DATASET RECORDS:
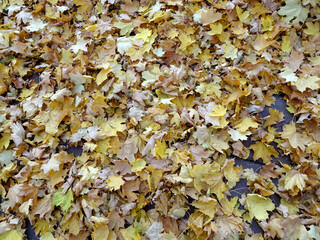 carpet of autumn yellow orange red fallen maple leaves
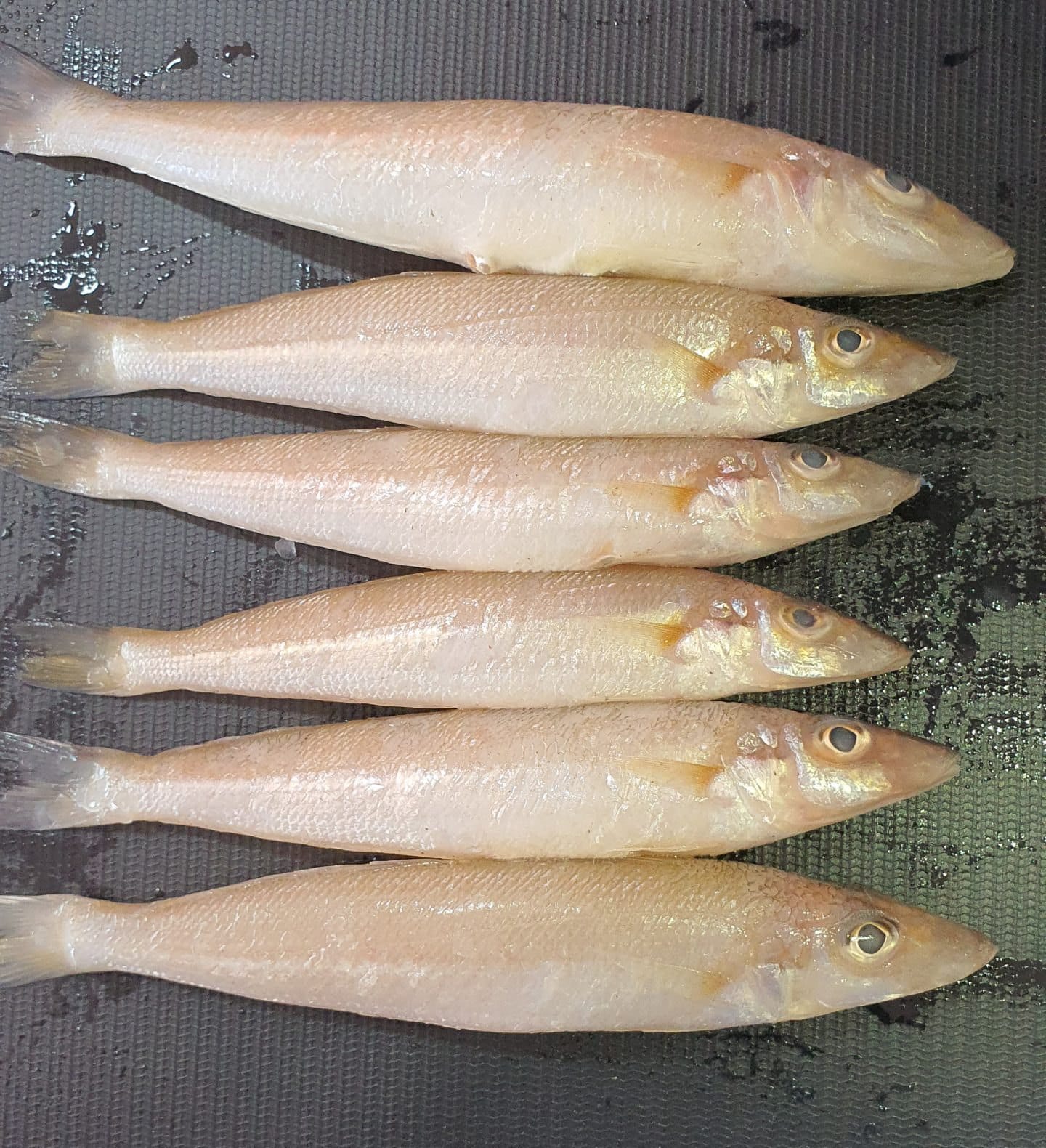 Vella Kilangan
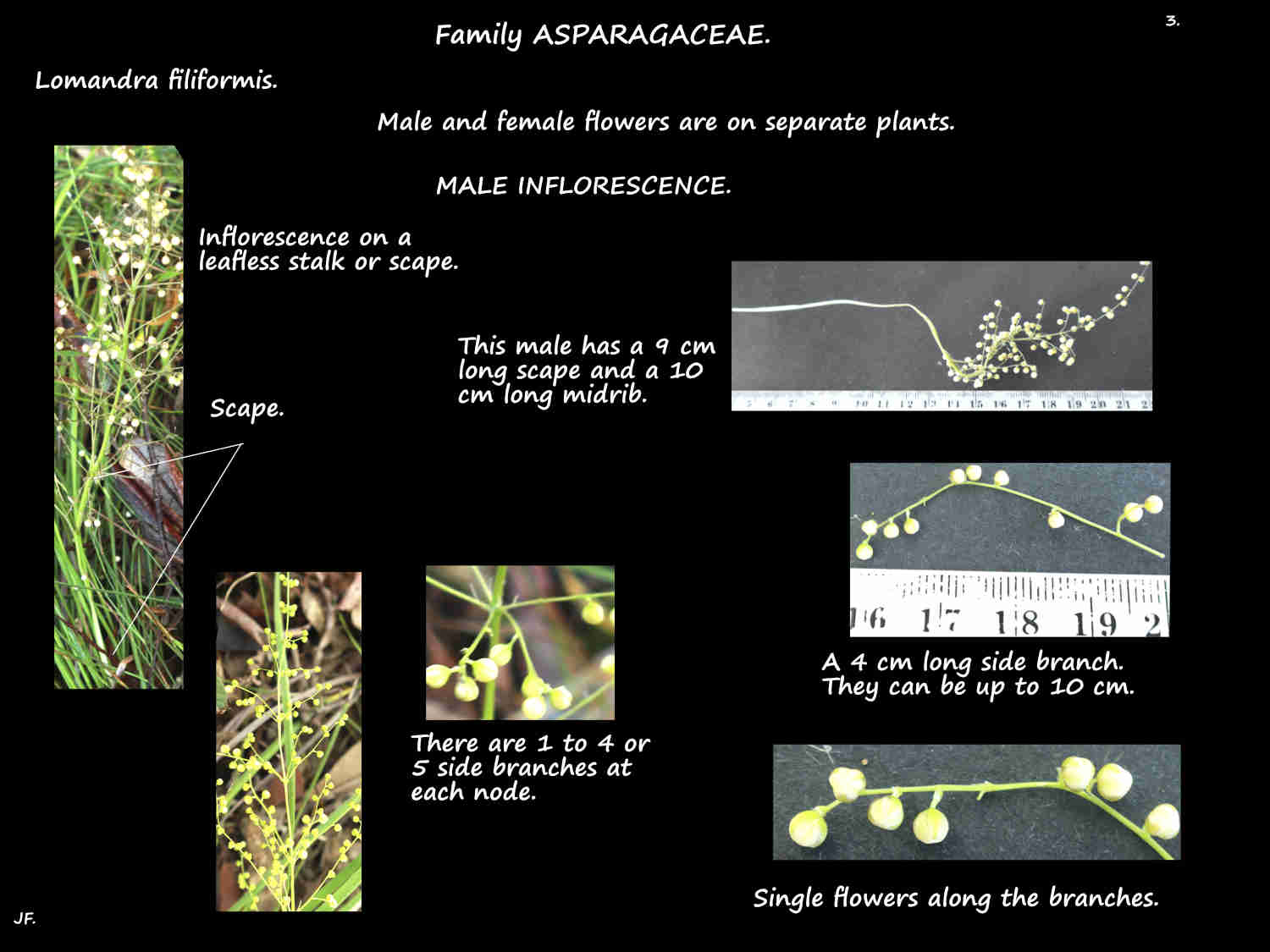 3 A male Lomandra filiformis inflorescence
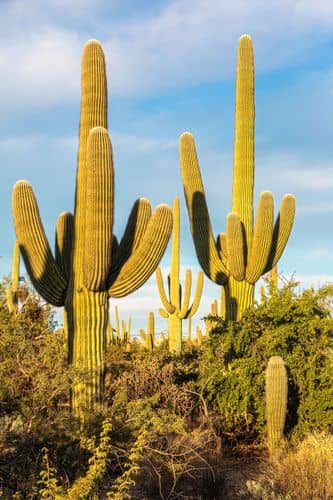 Scenic photo of Tucson, AZ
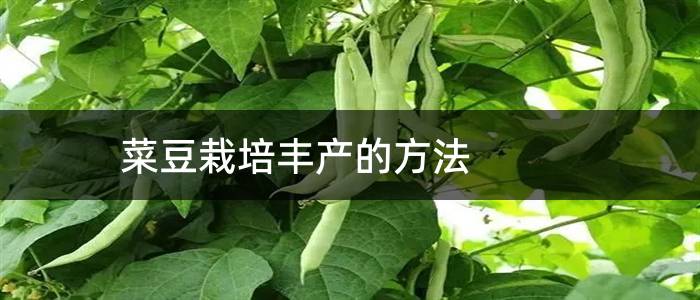 菜豆栽培丰产的方法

TASK DETAILS: An exact, image-free transcript of the material is required.

ANSWER BOX:
 carpet of autumn yellow orange red fallen maple leaves
 Vella Kilangan
 3 A male Lomandra filiformis inflorescence
 Scenic photo of Tucson, AZ
 菜豆栽培丰产的方法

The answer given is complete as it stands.